Only a few years ago, well-heeled Dubliners regarded the five-minute trek across the Liffey to Northside as a trip to Siberia. That was before the achingly hip Morrison Hotel opened its doors, in 1999. Today, the reawakening neighborhood is touted as the new Temple Bar, and Halo, the Morrison's see-and-be-seen fusion restaurant, is its hottest attraction. Dark polished wood, mirrored panels, Chinese lanterns, and swaths of brown velvet draped over white chairs make the dining room an exercise in opulent minimalism.
Having had a sublime duck-and-truffle risotto at Halo when it first opened, I returned recently for a frustratingly inconsistent lunch. The risotto, this time with pancetta and butternut squash, was as good as the one I remembered. But someone seemed to have emptied an entire saltshaker into the Thai coconut soup, and not-quite-rare tuna sat on black squid-ink pasta that had all the appeal of a floor mop. The best strategy: Let Dubliners ooh and aah over Sichuan peppered scallops with lemongrass sauce. You can eat better by taking a more traditional route—say, puffy little potato blini with smoked salmon, followed by an honest, delicious roast loin of lamb and a homey apple-bread pudding. Hungry for attitude?Join the preening crowds at Lobo, the hotel's downstairs supper club, dominated by a mahogany visage of Buddha.
Morrison Hotel, Ormond Quay; 353-1/887-2421; dinner for two $85.
A warming sensation comes over you the minute you claim a table at Roly's, a yellow-splashed Ballsbridge lunch mecca pleasantly cluttered with watercolors and prints. In front of you is a basket of swoon-provoking, just-baked breads—brown soda, spinach-and-raisin, tomato. Around you is Dublin's jolliest crowd: well-fed families, vigorous ladies-who-lunch, and corporate honchos looking like affluent sheep farmers, all blue shirtsleeves and not a jacket in sight. At your side are charming white-aproned waiters, tempting you with one of Colin O'Daly's unimpeachable cream soups, his high-octane prawn bisque, a plate of addictive gratinéed mussels.
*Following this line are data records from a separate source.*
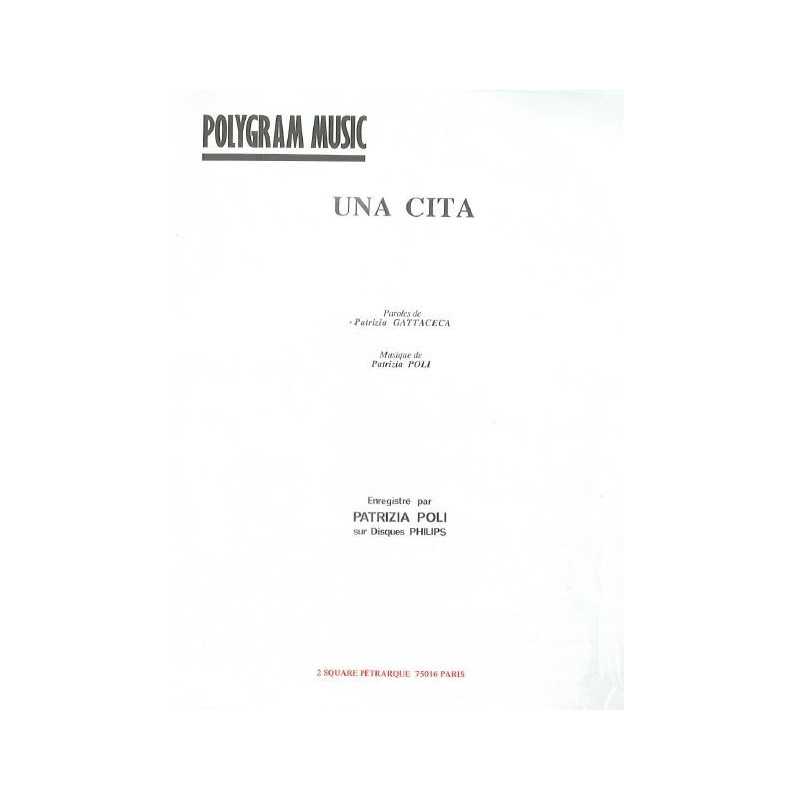 UNA CITA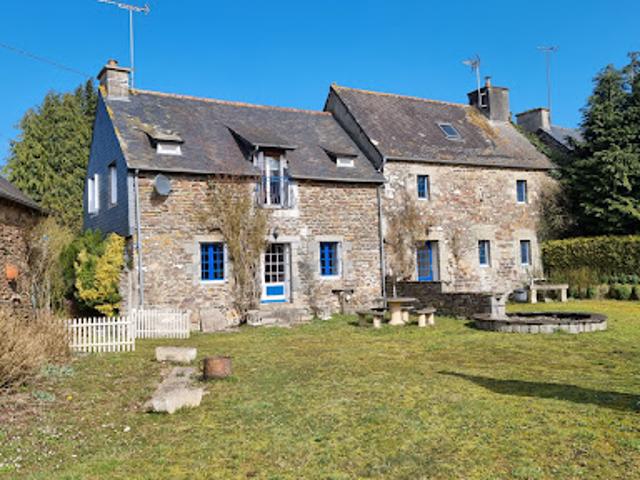 Vente Maison 9 pièces 156 m2 Allineuc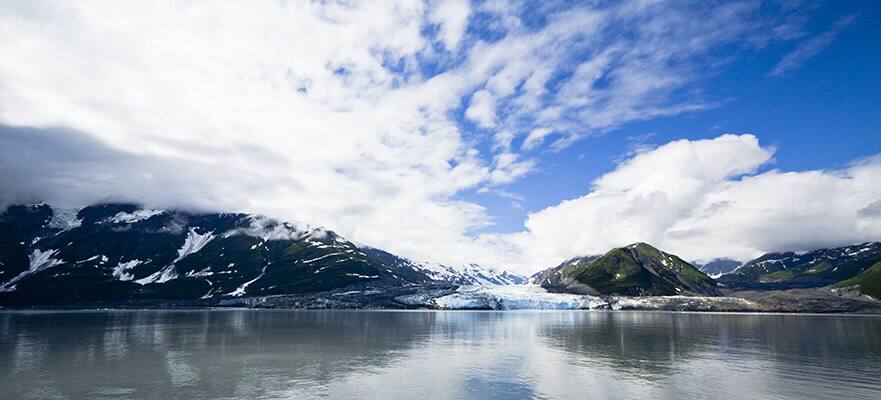 Alaska, viaje de ida y vuelta desde Seattle: glaciar Hubbard, Skagway y Juneau, 10 días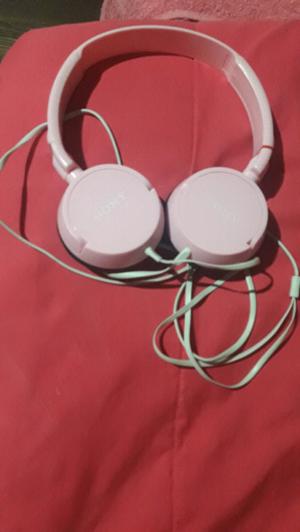 Auriculares, con poco uso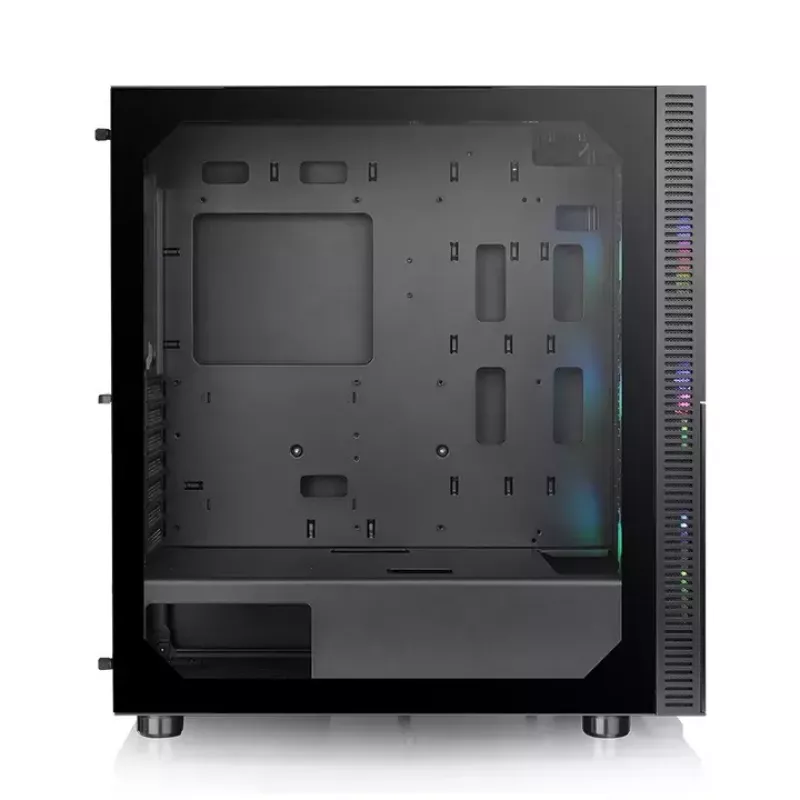 PC Case Thermaltake Versa T26 TG ARGB Midi Tower Black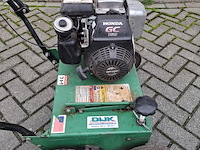 Motor verticuteermachine, billy goat, compact - afbeelding 4 van  8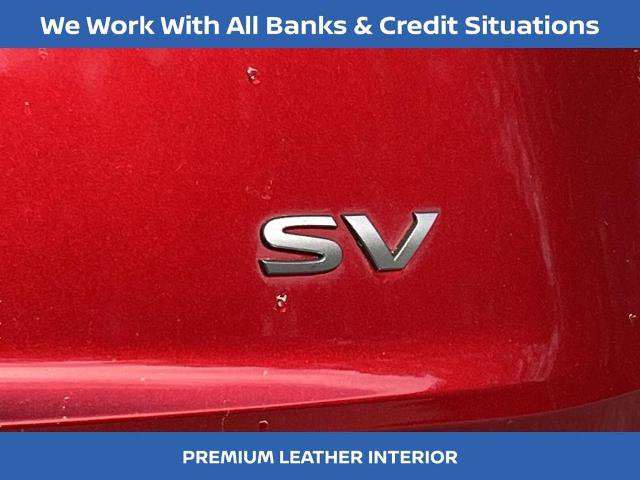 Certified 2024 Nissan Rogue SV w/ SV Premium Package image 25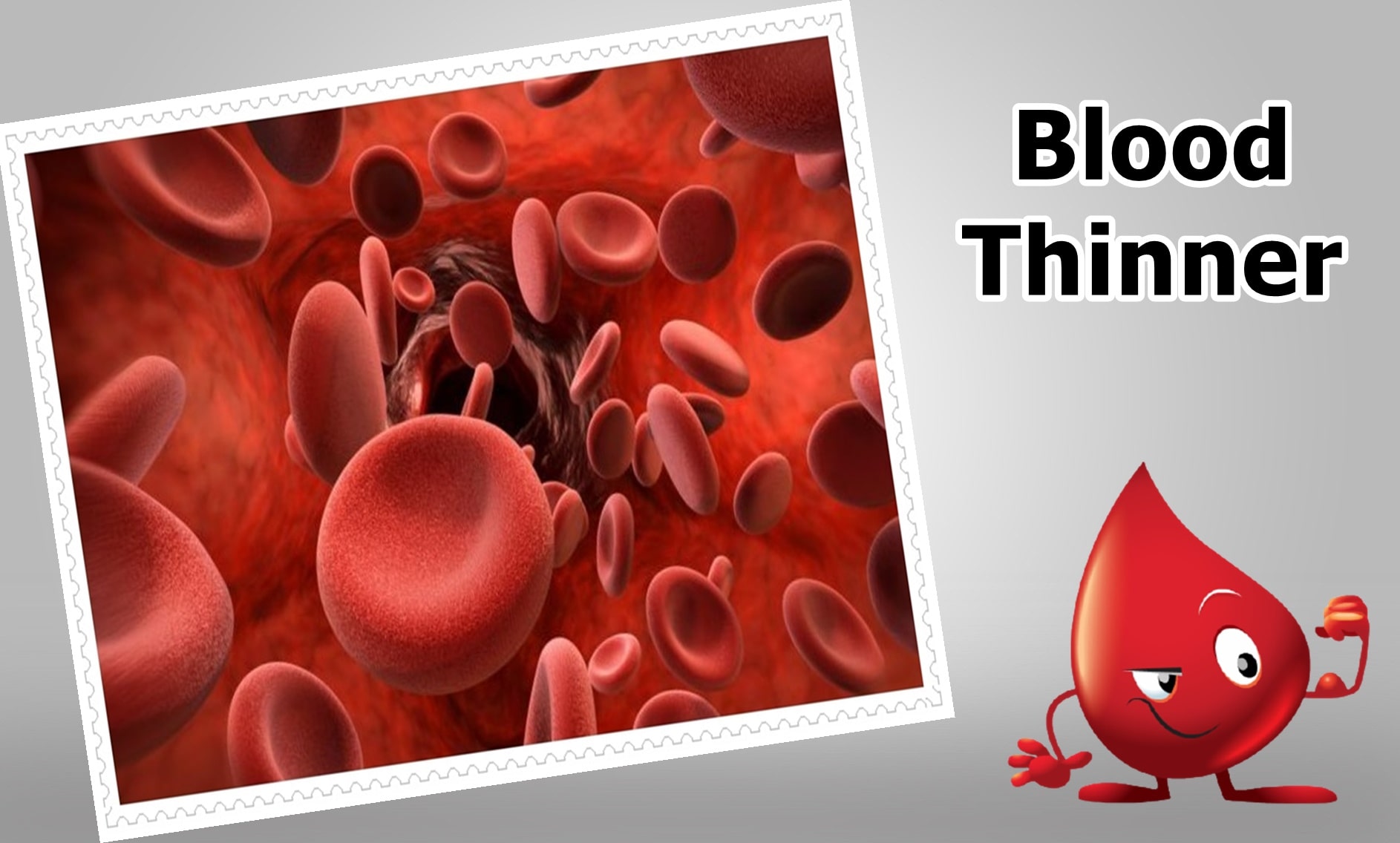 Types Of Blood Thinners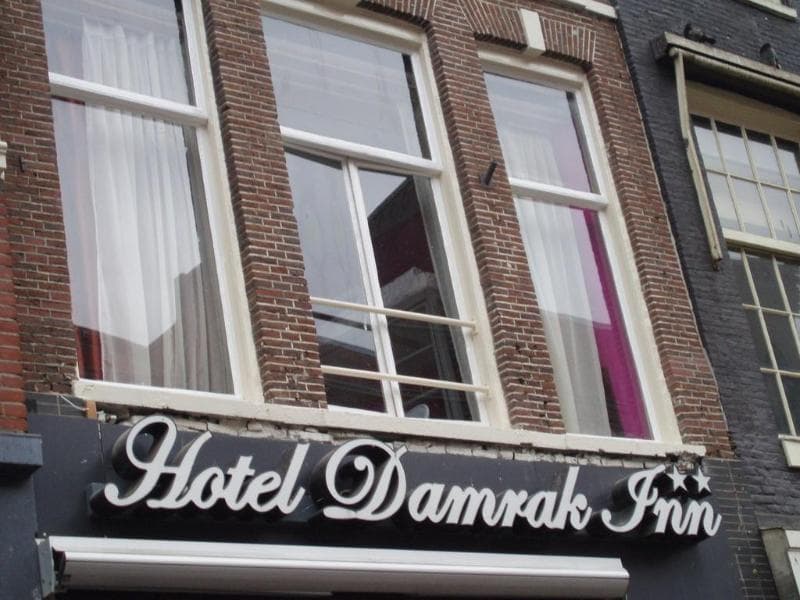 Hotel Damrak Inn 4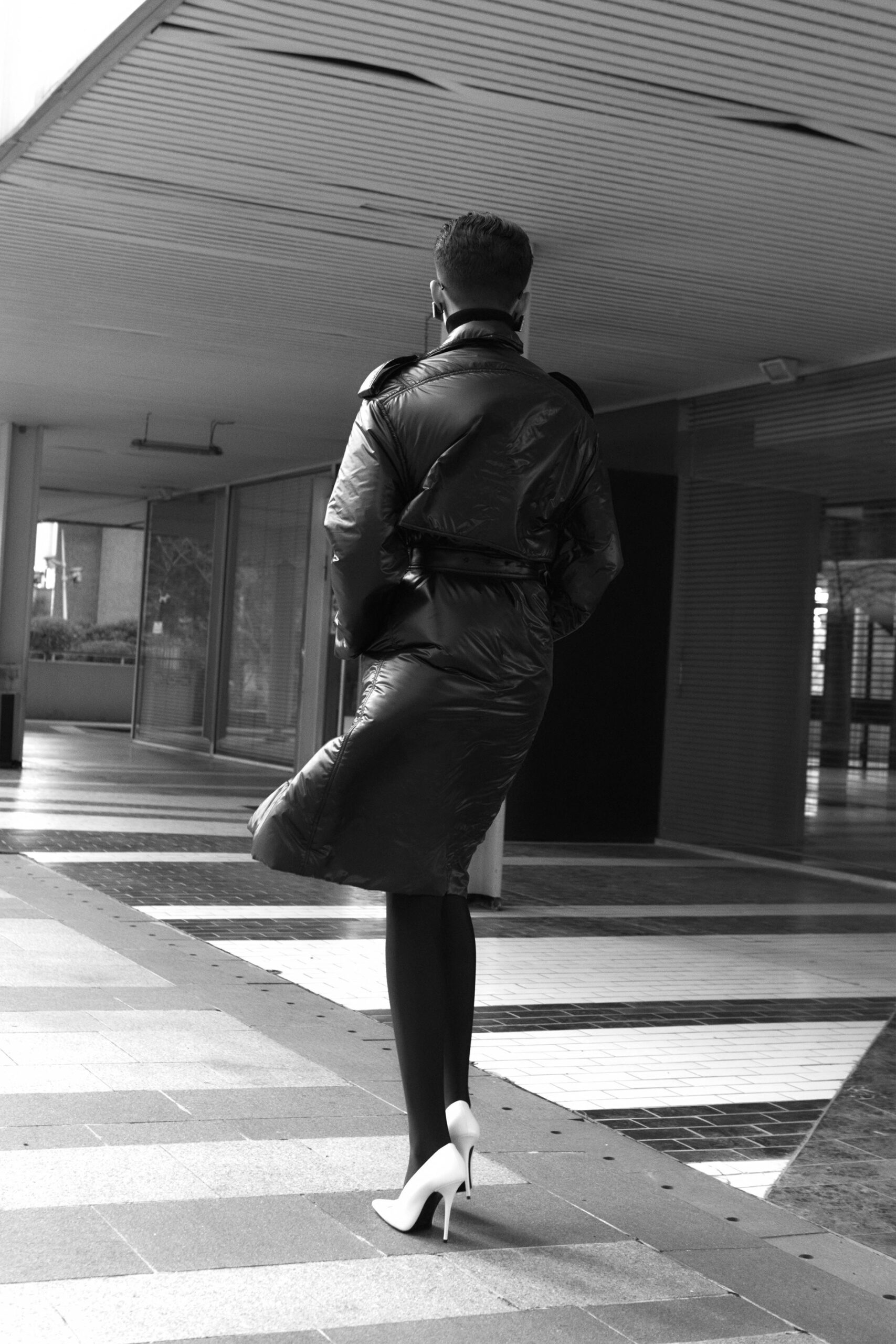 Saint Laurent F/W 22 Look 41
The prix fixe lunch—possibly the world's best bargain at $15—might progress to an ur-Gaelic lamb pie bolstered by Guinness, or a pristine, deftly cooked piece of sole, skate, or turbot, all accompanied by old-fashioned gratin pans filled with cabbage, mash, and perhaps a gingered carrot purée. Halfway through my warm, not-too-sweet apple cake I decided that for lunch, this is the lustiest bistro in Europe, though I'm still trying to figure out why the place loses most of its magic at dinner.